▸ **PROBLEM TO SOLVE**:
Return exactly the lines of the records below, starting at the line that contains "VESTIDO JERSEY MIDI AMPLO-VIOLETA" and ending at the line that contains "Tablou Sticla Road With Cypress mockup 9", with both of those lines kept.

▸ **MATERIAL PROVIDED**:
============

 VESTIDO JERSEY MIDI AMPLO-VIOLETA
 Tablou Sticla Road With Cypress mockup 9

============

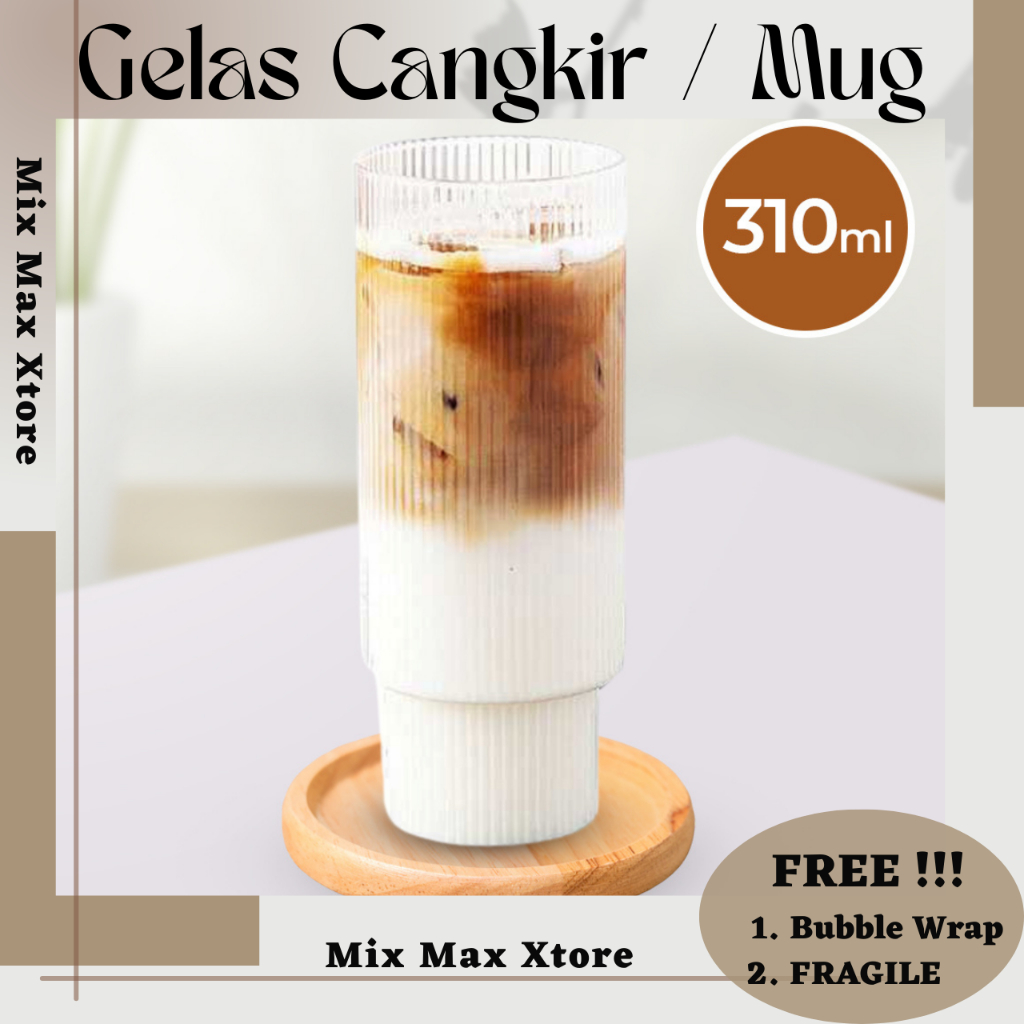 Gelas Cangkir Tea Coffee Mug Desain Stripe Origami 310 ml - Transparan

============

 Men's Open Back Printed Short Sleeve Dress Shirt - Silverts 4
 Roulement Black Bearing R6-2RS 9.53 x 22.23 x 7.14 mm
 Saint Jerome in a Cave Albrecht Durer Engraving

============

▸ **ANSWER**:
 VESTIDO JERSEY MIDI AMPLO-VIOLETA
 Tablou Sticla Road With Cypress mockup 9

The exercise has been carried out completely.